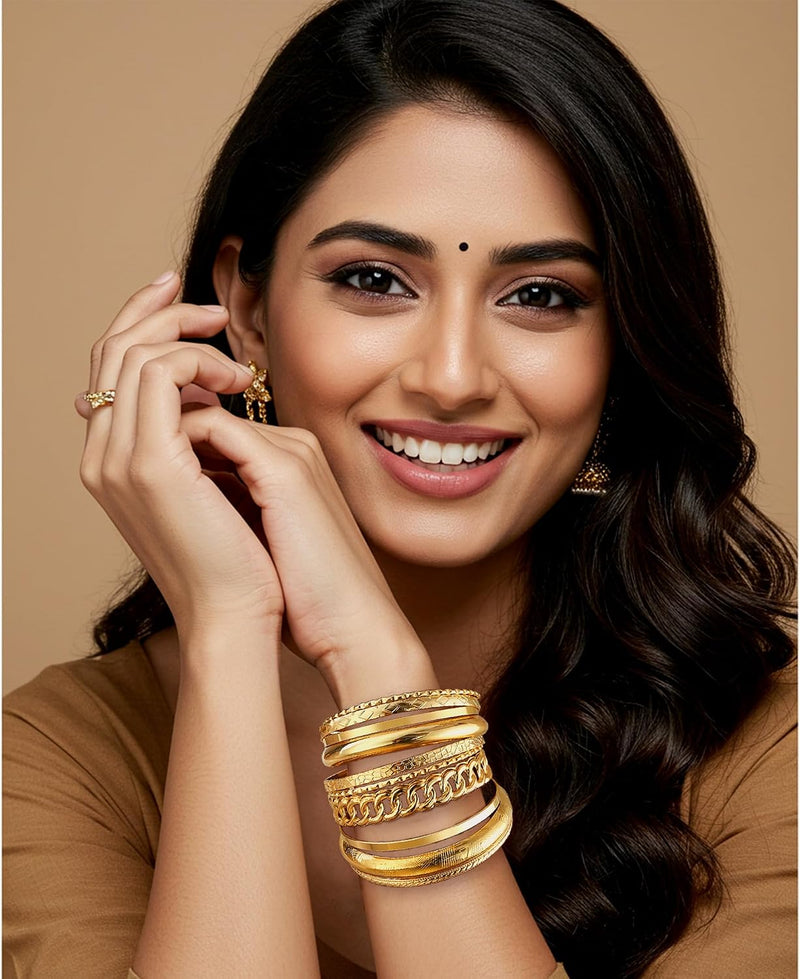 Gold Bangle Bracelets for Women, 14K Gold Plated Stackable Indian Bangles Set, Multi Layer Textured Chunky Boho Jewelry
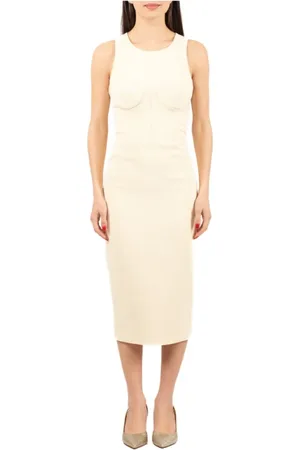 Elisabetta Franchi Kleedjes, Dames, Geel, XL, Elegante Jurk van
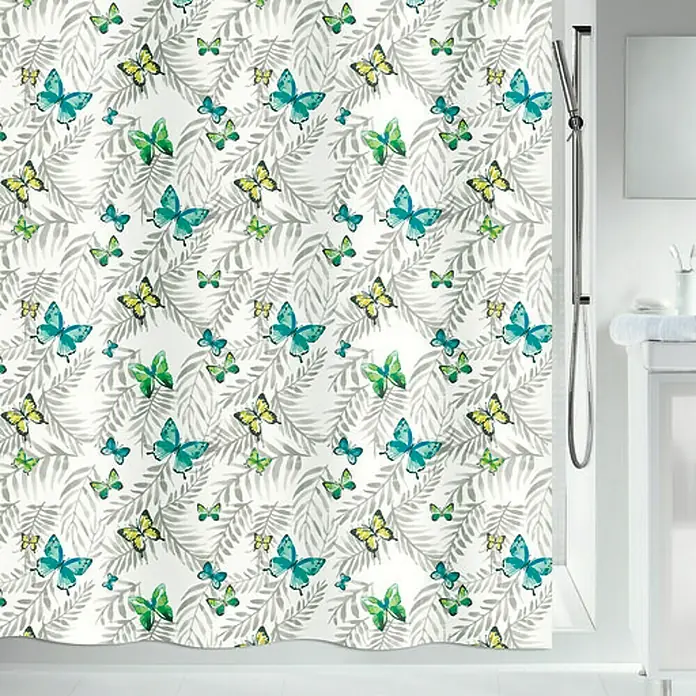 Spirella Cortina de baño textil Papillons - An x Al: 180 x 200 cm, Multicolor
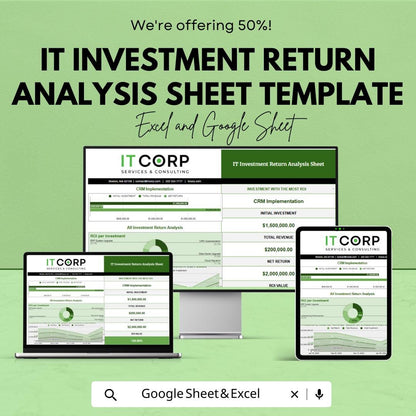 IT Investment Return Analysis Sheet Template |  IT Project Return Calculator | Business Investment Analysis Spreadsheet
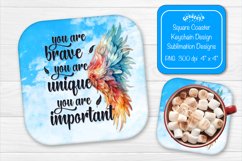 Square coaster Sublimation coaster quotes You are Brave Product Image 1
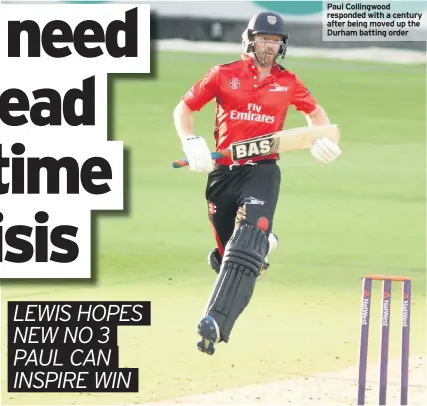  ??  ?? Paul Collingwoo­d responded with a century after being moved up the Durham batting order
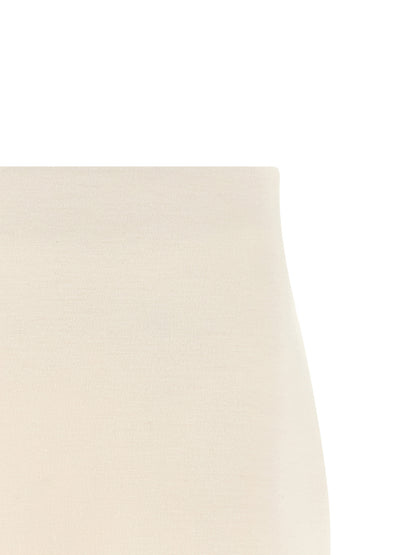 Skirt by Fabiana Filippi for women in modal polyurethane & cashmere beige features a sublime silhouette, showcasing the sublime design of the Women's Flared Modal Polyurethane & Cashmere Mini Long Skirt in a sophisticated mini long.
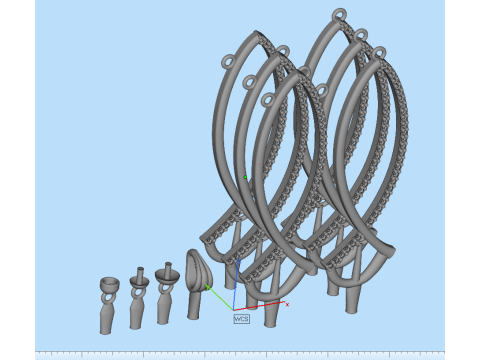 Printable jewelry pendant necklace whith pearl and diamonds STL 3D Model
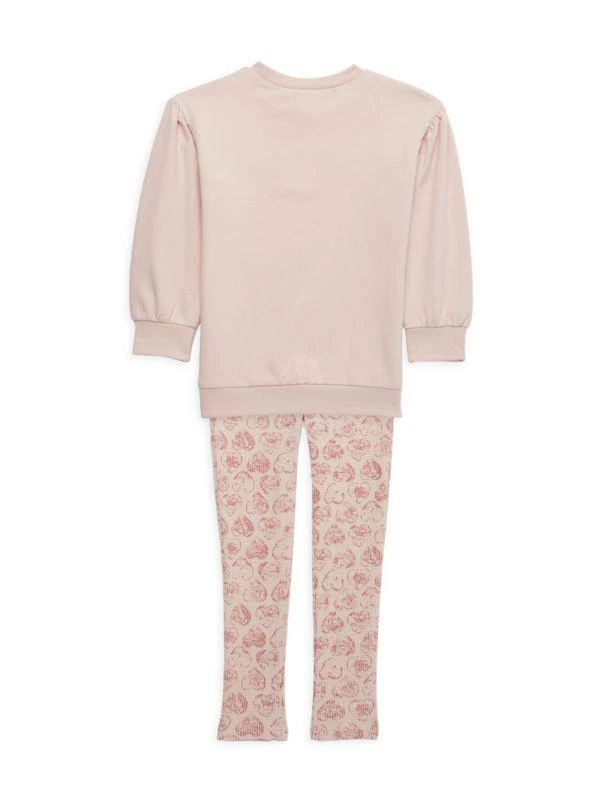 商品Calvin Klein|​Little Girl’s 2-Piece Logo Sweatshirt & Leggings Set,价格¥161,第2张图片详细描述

Task brief >>
Write out exactly the lines of the material above, starting with the first and finishing with the line that contains "IT Investment Return", without pictures.

Exercise answer >>
 Gold Bangle Bracelets for Women, 14K Gold Plated Stackable Indian Bangles Set, Multi Layer Textured Chunky Boho Jewelry
 Elisabetta Franchi Kleedjes, Dames, Geel, XL, Elegante Jurk van
 Spirella Cortina de baño textil Papillons - An x Al: 180 x 200 cm, Multicolor
 IT Investment Return Analysis Sheet Template |  IT Project Return Calculator | Business Investment Analysis Spreadsheet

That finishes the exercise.